● **Problem to solve**
Please, without any pictures, set down exactly the part of the listing below that opens with the line containing "You'll see that" and closes with the line containing "Enter a description".

● **Material shown**
================

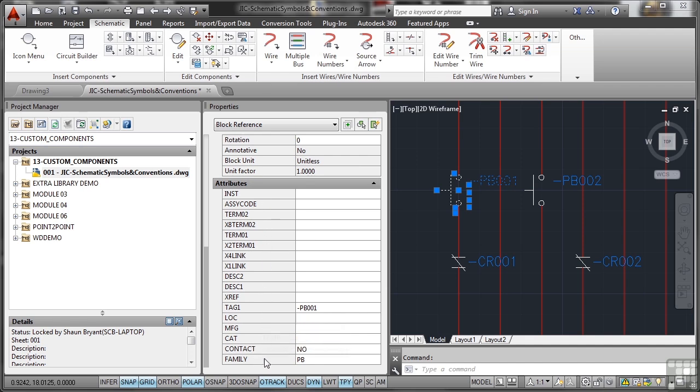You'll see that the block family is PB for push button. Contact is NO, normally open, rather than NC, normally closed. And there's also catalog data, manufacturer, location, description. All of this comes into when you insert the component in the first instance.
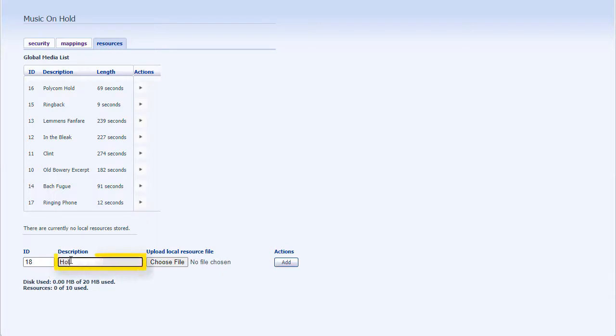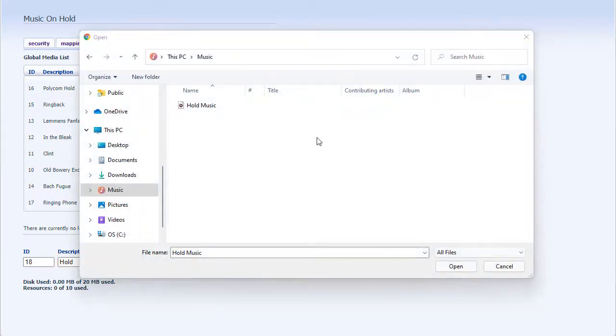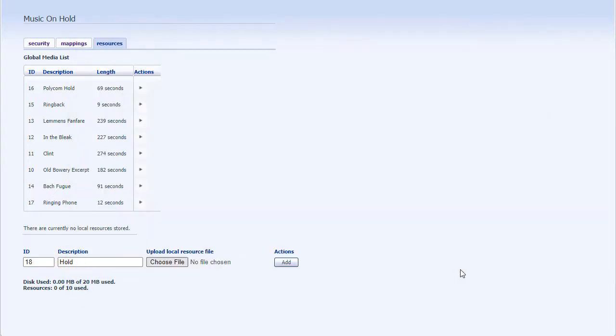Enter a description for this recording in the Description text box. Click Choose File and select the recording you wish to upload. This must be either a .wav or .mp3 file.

================

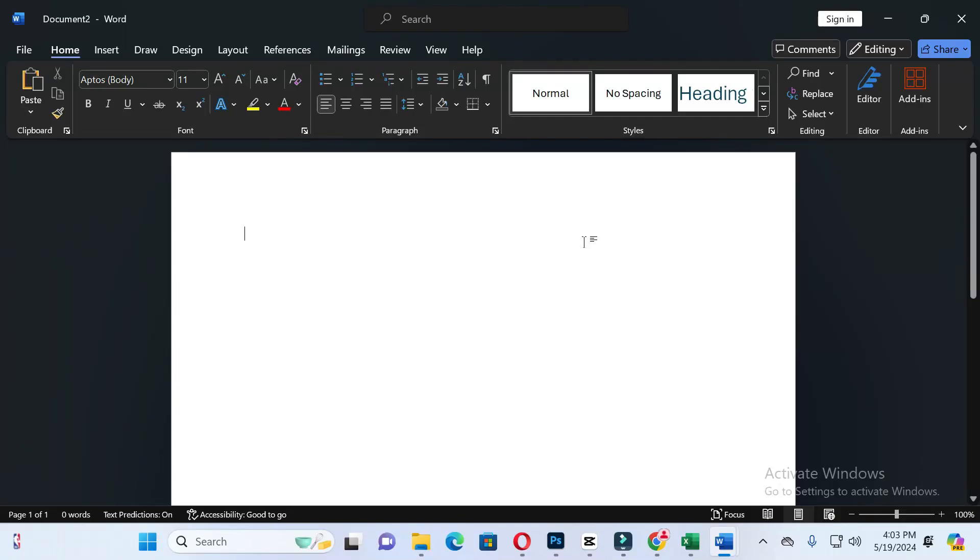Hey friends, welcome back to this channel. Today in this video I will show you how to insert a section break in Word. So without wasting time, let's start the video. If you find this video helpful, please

================

● **Solution to this exercise**
You'll see that the block family is PB for push button. Contact is NO, normally open, rather than NC, normally closed. And there's also catalog data, manufacturer, location, description. All of this comes into when you insert the component in the first instance.
Enter a description for this recording in the Description text box. Click Choose File and select the recording you wish to upload. This must be either a .wav or .mp3 file.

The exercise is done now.